- **WHAT IS BEING ASKED**: Could you copy exactly the lines below from the one with "Pet Self Grooming Catnip Massage Comb" to the one with "Glass Tassel Epaulettes for Men's Suits", inclusive, leaving out any pictures?

- **DATASET EXTRACT**:
= = = =
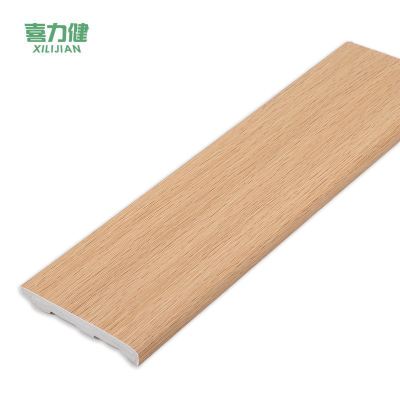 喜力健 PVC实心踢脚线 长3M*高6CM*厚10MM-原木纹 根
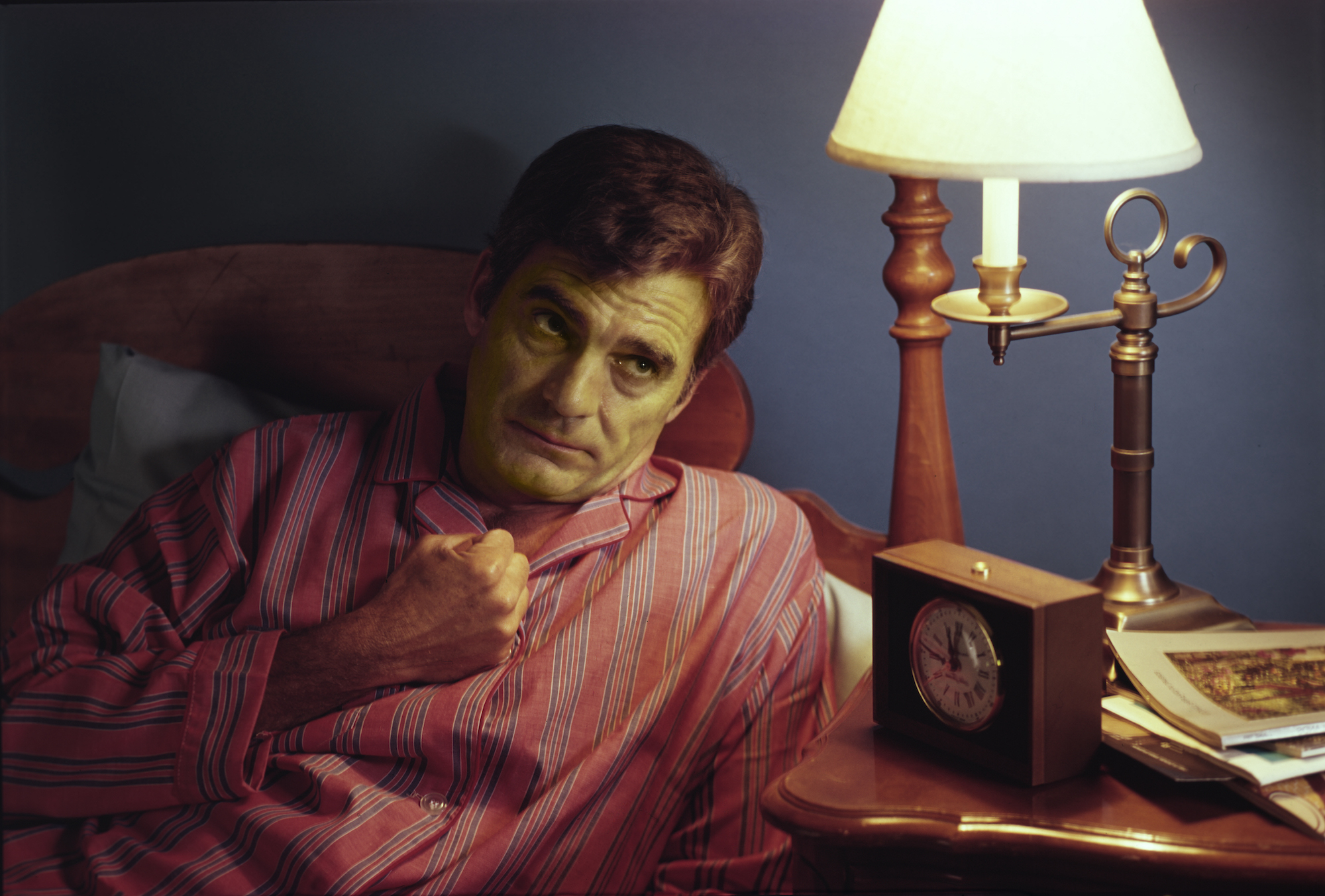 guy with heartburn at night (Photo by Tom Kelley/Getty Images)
= = = =
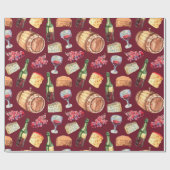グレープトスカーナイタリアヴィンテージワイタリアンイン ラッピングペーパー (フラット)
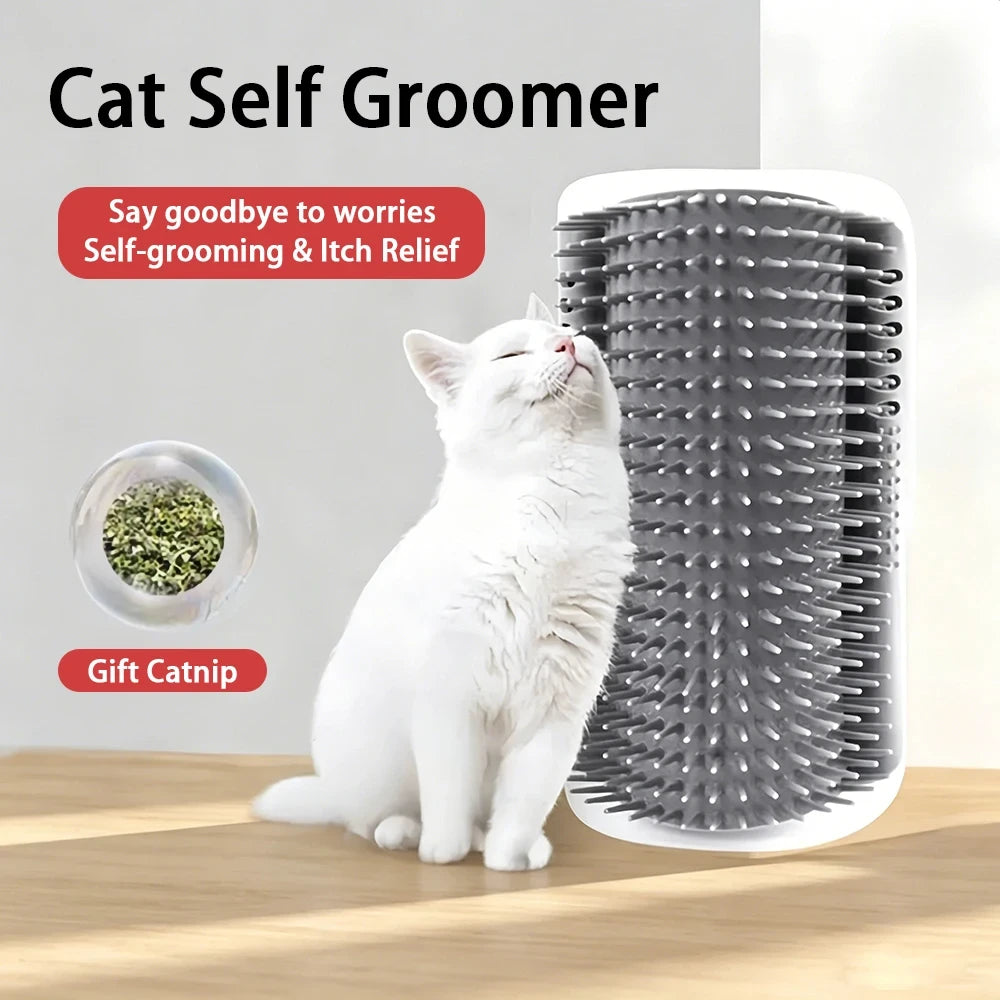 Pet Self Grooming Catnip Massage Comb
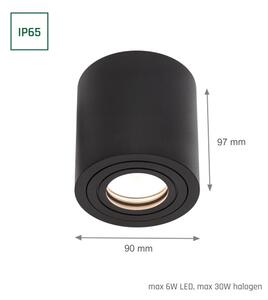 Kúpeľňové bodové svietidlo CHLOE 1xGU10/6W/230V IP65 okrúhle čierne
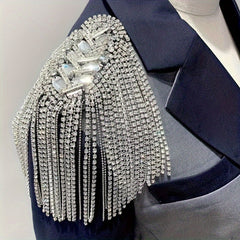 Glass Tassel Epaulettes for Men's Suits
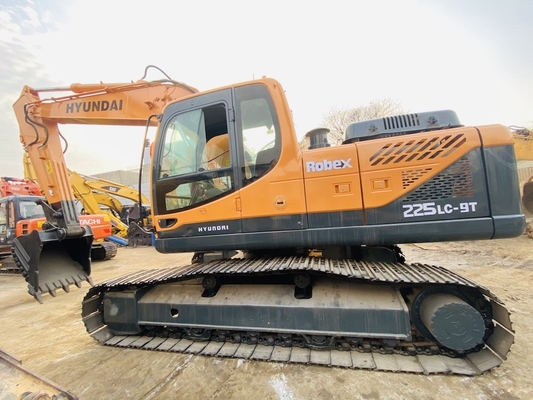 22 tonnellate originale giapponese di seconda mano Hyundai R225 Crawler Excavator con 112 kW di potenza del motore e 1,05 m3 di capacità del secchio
= = = =
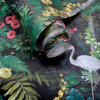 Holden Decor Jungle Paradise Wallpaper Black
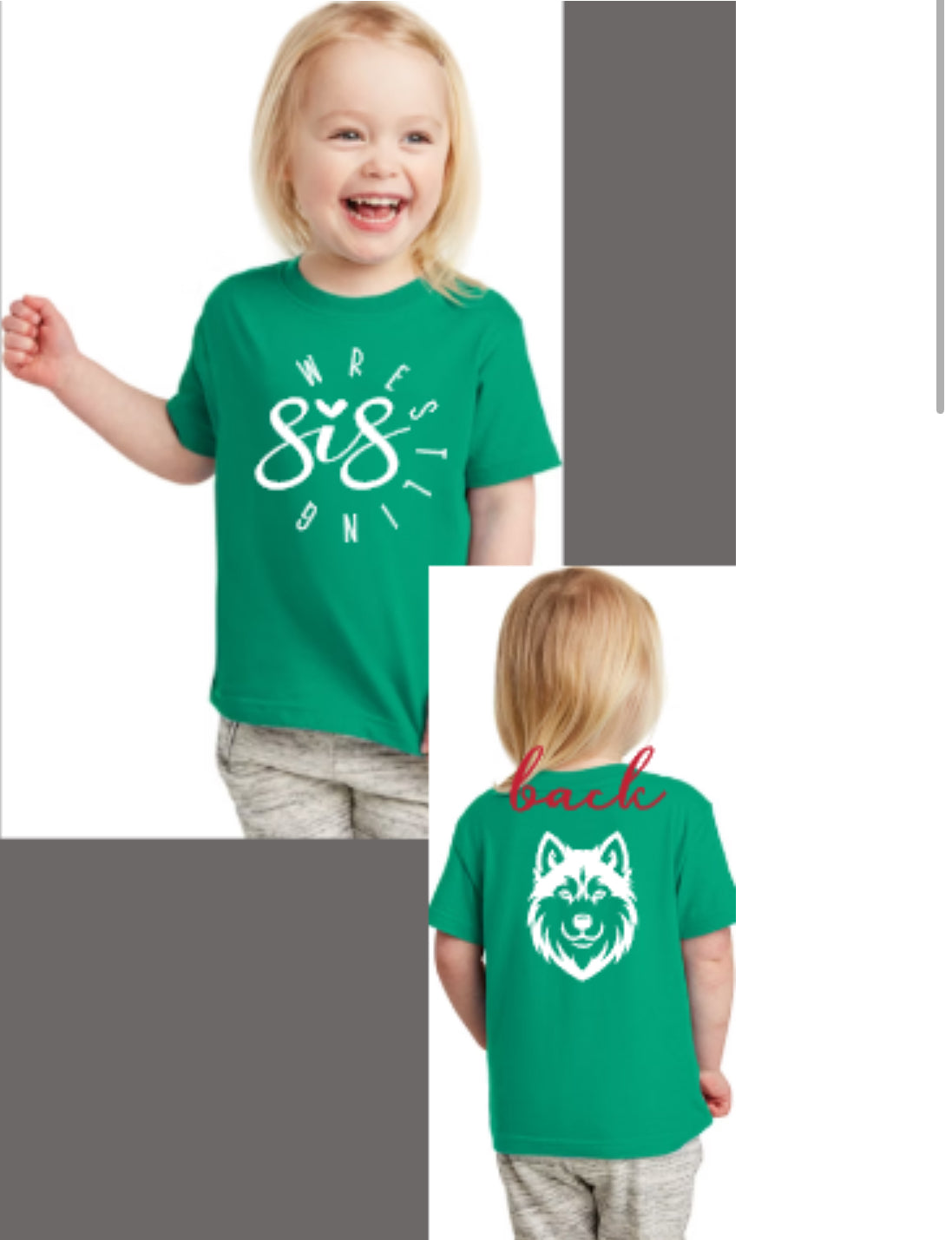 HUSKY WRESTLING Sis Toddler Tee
= = = =
- **ANSWER BELOW**:
 Pet Self Grooming Catnip Massage Comb
 Kúpeľňové bodové svietidlo CHLOE 1xGU10/6W/230V IP65 okrúhle čierne
 Glass Tassel Epaulettes for Men's Suits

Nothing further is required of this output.